*Entries provided*:
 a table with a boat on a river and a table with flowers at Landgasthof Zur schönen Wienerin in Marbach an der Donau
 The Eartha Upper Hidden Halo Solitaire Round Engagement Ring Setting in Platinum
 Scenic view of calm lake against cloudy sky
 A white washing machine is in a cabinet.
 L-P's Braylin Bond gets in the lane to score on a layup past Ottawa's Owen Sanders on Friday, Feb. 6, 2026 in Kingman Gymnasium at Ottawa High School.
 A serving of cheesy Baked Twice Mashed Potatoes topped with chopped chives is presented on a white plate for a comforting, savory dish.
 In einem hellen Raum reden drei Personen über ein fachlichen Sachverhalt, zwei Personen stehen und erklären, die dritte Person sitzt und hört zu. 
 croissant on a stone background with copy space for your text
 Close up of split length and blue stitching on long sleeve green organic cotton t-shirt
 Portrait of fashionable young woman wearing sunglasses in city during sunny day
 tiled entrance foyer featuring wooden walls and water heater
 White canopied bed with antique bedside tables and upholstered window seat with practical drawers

*What to do*:
Your task is to reproduce exactly the lines that begin at the line containing "tiled entrance foyer" and end at the final line of the data above.

*Task answer*:
 tiled entrance foyer featuring wooden walls and water heater
 White canopied bed with antique bedside tables and upholstered window seat with practical drawers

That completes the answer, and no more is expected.